Of the children of Mr. and Mrs. Joseph Hale, three are yet living: Joseph S.; Grace F., who is the wife of Dr. W. L. Buckley, a physician of Milton, California; and Elizabeth W., the wife of Robert Inglis, of Stockton, California.
Joseph S. Hale was reared in Stockton and is indebted to its public school system for the educational advantages he enjoyed. he pursued his studies until he had mastered the branches taught in the grammar course and then became a high school student. For a number of years he was employed at intervals as purser on several different steamboats plying between Stockton and San Francisco, and for three years served as deputy assessor of San Joaquin county under O. F. Atwood, of Stockton, California, who was then filling the position of assessor. For a number of years he has also been interested in agricultural and fruit-raising interests, and is now the owner of the farm which formerly belong to his father. His landed possessions at the time of this writing comprise one hundred and eighty acres and the soil is rich and productive.
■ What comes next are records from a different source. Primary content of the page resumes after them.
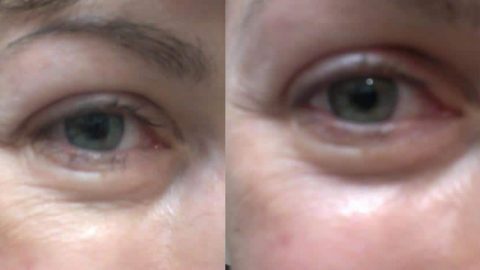 مكونات سهلة وفعالة للحد من انتفاخ العينين والهالات السوداء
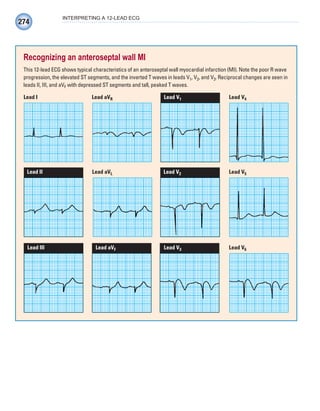 274
INTERPRETING A 12-LEAD ECG
Recognizing an anteroseptal wall MI
This 12-lead ECG shows typical characteristics of an anteroseptal wall myocardial infarction (MI). Note the poor R wave
progression, the elevated ST segments, and the inverted T waves in leads V1, V2, and V3. Reciprocal changes are seen in
leads II, III, and aVF with depressed ST segments and tall, peaked T waves.
Lead I Lead aVR Lead V1 Lead V4
Lead III Lead aVF Lead V3 Lead V6
Lead II Lead aVL Lead V2 Lead V5
ECG_Chap12.indd 274
ECG_Chap12.indd 274 7/8/2010 4:37:46 PM
7/8/2010 4:37:46 PM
The farm is devoted to the raising of grain and fruits and he annually harvests good crops of both. His sales are extensive and his business profitable, for in his work he manifests untiring energy, keen discernment and capable management.
On the 25th of March, 1892, was celebrated the marriage of Joseph s. Hale and Miss Mary E. Higgins, of Stockton, California. She ws born in Minnesota and is a daughter of James Higgins, now of Berkeley, California. By this marriage there are two children: Joseph and Geraldine M. The family occupy an enviable position in social circles, and both Mr. and Mrs. Hale are widely known and have the warm regard of many friends. Fraternally he is connected with Centennial Lodge No. 38, K. of P., of Stockton, is also a member of the Native Sons of the Golden West, being affiliated with the parlor at Stockton, and is a member of the San Joaquin Republican party. Having spent his entire life in San Joaquin county, his history is well known to its citizens, and the fact that many who have known him from his boyhood days are numbered among his stanchest friends is an indication that his has been an honorable and useful career.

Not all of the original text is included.